In this context, tissue engineering of cartilage is a growing and promising field to produce cartilage replacement as good as native tissue. Diseases of hyaline cartilage represent one of the major health problems, especially in industrialized countries with high life expectancy. The erosion of the articulating surfaces of joints, known as osteoarthritis, currently affects more than 200 million citizens worldwide, about 400 thousands people in the Italy, and more than 50% of the patients need or will need a surgical treatment.

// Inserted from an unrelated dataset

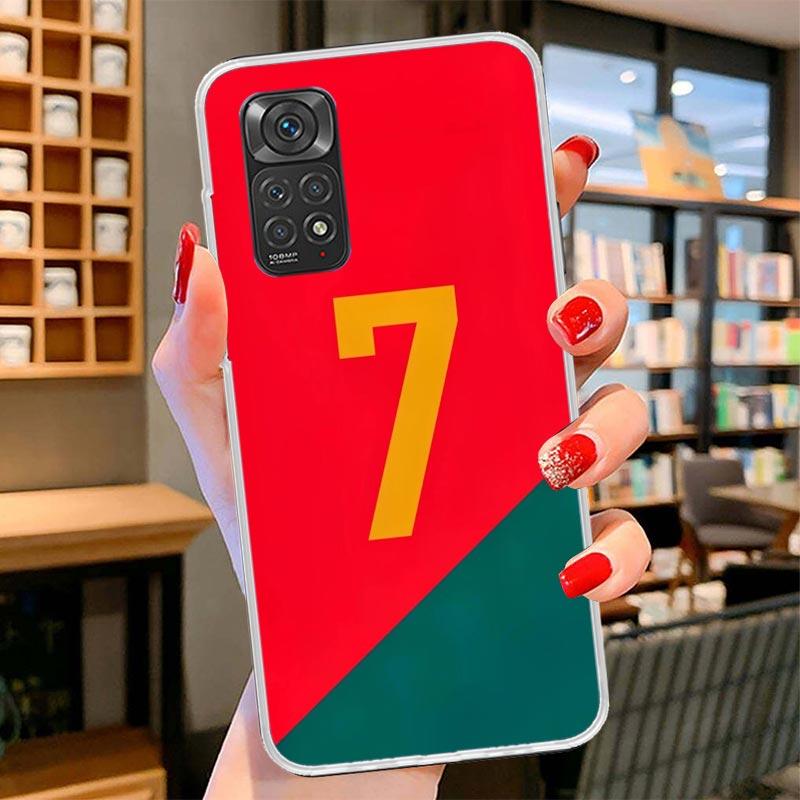 FootBall SuperStar Number C 7 10 Cover Phone Case For Xiaomi Redmi Note 15 14 13 12 11 10 Pro Plus 14S 12S 11S 11T 11E 10S Soft Note 14 Pro Plus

Articular cartilage is a three dimensional avascular tissue, which covers the ends of all synovial joints. During normal daily function, articular cartilage can be repeatedly subjected to forces up to several time body weight, but it is able to provide articulating joints with a nearly frictionless motion. Despite its tremendously important function, articular cartilage has limited capacity for auto regeneration after degenerative and rheumatic diseases, like arthritis, as well as traumatic injuries. Cartilage problems are a huge and still unsolved medical issue, which therefore represents one of the most important tissue engineering targets requiring high quality products as fast as possible. For this reason, the possibility to recreate in vitro cartilage substitutes as a real alternative to total joint replacement represents an increasing and hopeful market, in which many research groups are still working.
At the moment, one of the main findings in in-vitro cartilage studies is the importance of the role of mechanical stimuli and dynamic loads for the chondrocytes growth and differentiation. Several studies using cartilage explants or chondrocytes seeded in 3D scaffolds have shown that mechanical compressive loads affect the cells metabolic activity and their matrix production. In order to simulate the in vivo environment, the use of bioreactors is becoming fundamental: bioreactors can provide the chemical and mechanical signals that optimize tissue development. Furthermore, bioreactors could be an important instrument to reduce the cost of clinical studies, used as in vitro predictors of in vivo performance. In this way, the use of bioreactors can reduce animal studies, helping the scientists to focus their attention in the right direction before starting pre-clinical studies, which are usually more expensive than preliminary research.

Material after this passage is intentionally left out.